Are people on benefits poor?

This post is prompted by a number of comments I’ve recently seen regarding benefit cuts. Many people are suggesting that benefit cuts will put people into poverty. This presupposes that there are people who are presently receiving benefits, but whom we would not call “poor”. This has jarred with my (somewhat unexamined) perceptions of the welfare state.

It has seemed to me (as someone who grew up in South Africa, which has no welfare state) that the welfare state exists specifically to help people who are facing hardship. In South Africa one simply had to provide for oneself and if one couldn’t, one starved. The welfare state, on the other hand, exists to ensure that no one slips between the cracks in this way. It is, essentially, society at large rallying round those who face misfortune and helping them. It is, in the end, charity.

But if this perception is correct, then those who are supported by the welfare state are presumably people facing misfortune. They are the people who would have slipped through the cracks if they had lived in South Africa. They are, in short, poor.

And now that I think about it, my family is in receipt of benefits. We receive child benefits, simply by virtue of having procreated. Granted the amount is not vast, but it’s not insubstantial either and we received it even when I worked at an investment bank. We also receive child tax credits, primarily because we needed this while I was an ordinand and the Church of England assumed we would receive it and gave us correspondingly less grant money. Things will change come April because I’ve been receiving a stipend since July 2012, but even then we’ll still get something.

Now, here’s the thing, we really don’t think of ourselves as poor. We don’t see ourselves as facing misfortune, and we don’t think of ourselves as being supported by a caring society which is helping us out. We don’t think of ourselves in receipt of charity. Which suggests that the welfare state is not what I described above.

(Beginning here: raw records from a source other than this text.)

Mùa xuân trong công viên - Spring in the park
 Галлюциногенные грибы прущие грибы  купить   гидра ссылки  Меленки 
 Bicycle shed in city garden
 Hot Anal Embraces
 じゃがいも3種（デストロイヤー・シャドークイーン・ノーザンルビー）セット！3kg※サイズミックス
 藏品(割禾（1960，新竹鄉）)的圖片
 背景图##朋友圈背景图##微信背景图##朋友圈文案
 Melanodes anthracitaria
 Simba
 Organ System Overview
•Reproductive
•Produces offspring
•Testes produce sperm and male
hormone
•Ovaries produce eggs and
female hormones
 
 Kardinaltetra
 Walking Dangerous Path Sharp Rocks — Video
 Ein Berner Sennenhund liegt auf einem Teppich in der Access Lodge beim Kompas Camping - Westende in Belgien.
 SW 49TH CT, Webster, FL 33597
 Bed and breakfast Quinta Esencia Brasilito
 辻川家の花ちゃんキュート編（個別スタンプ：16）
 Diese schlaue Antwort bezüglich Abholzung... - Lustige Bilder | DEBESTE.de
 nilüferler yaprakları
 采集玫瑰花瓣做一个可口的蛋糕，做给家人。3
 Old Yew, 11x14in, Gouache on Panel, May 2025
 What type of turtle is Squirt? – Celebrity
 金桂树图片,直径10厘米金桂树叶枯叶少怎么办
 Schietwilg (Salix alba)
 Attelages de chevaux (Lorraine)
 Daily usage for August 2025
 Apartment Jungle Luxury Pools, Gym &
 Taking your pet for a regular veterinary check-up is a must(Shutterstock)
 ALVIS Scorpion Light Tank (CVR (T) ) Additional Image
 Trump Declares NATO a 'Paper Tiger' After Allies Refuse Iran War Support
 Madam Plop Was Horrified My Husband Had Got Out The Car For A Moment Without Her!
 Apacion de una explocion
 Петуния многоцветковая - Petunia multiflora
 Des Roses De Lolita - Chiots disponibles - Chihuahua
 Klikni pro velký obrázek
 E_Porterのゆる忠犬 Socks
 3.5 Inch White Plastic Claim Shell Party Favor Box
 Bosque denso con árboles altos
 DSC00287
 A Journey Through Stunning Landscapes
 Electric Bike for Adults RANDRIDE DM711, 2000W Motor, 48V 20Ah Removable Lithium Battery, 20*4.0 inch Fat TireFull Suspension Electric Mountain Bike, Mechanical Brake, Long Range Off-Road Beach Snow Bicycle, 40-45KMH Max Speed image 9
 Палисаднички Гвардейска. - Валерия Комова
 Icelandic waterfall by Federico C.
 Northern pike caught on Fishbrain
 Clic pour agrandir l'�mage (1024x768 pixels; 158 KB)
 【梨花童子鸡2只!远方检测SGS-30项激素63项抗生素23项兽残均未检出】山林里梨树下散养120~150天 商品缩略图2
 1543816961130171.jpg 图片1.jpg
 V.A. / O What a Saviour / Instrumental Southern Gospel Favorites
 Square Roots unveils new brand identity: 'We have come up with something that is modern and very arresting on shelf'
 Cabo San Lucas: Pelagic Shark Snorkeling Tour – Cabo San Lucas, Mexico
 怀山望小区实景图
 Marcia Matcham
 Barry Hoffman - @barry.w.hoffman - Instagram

Or that it is, at any rate, more than what I described. It may, indeed, be charity, but isn’t it also a system which exists to top up the income of those who are not paid enough? Is this what we really think? Is this what we intend from the welfare state? It would seem so.

So, finally, here is my question. Would a healthy economy have people who are gainfully employed but whose income from their employment is insufficient to meet their needs? Should we consider such a situation just? And if not, why hide the injustice by failing to call such people “poor”? After all, when working people are forced to receive food from a foodbank, we cry out about the wrongness of an economy which would allow this. So, why accept the situation when the help comes from the government?